Surgery is regularly performed in people with MG, including major operations. The key is that the surgical and anaesthesia team know about the diagnosis well in advance, so they can plan medication timing, choose appropriate anaesthetic drugs, and arrange post-operative monitoring.
Can MG go away on its own?
Spontaneous remission can occur but is not the rule. Most people benefit from active treatment, and waiting for the condition to resolve on its own is not the typical approach.
Conclusion
Myasthenia gravis is a chronic autoimmune condition that affects how nerves communicate with muscles, producing weakness that fluctuates with use and rest. It can range from a purely ocular problem to a generalised illness that affects breathing, and it can begin in childhood, young adulthood, or later life.

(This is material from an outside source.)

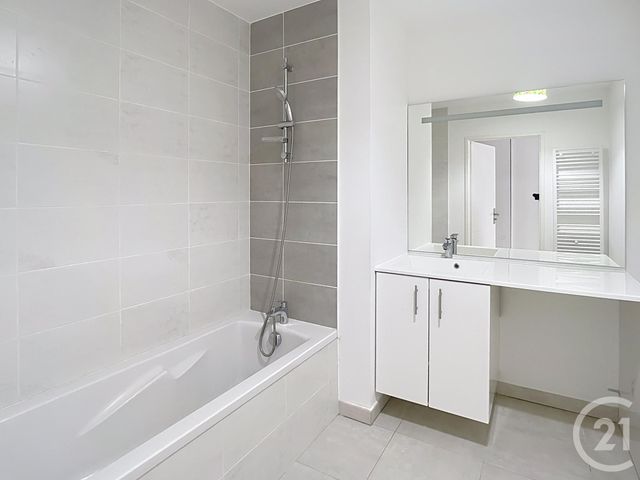 Appartement T3 à louer - 3 pièces - 61,80 m2 - Nantes - 44 - PAYS-DE-LOIRE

Treatment today is more effective and better tolerated than ever before. The combination of symptomatic medication, immune-modulating therapy, selective surgery, rescue treatments for flares, and attentive long-term monitoring means that most people with MG can expect a good quality of life. Newer targeted therapies are continuing to expand what is possible, particularly for people whose condition has been hard to control.
Living well with MG means working closely with your neurologist, knowing your own pattern of symptoms and triggers, taking medication consistently, recognising when to seek urgent care, and giving yourself room to pace activity and rest. With this combination, MG becomes a condition you manage — not one that defines your days.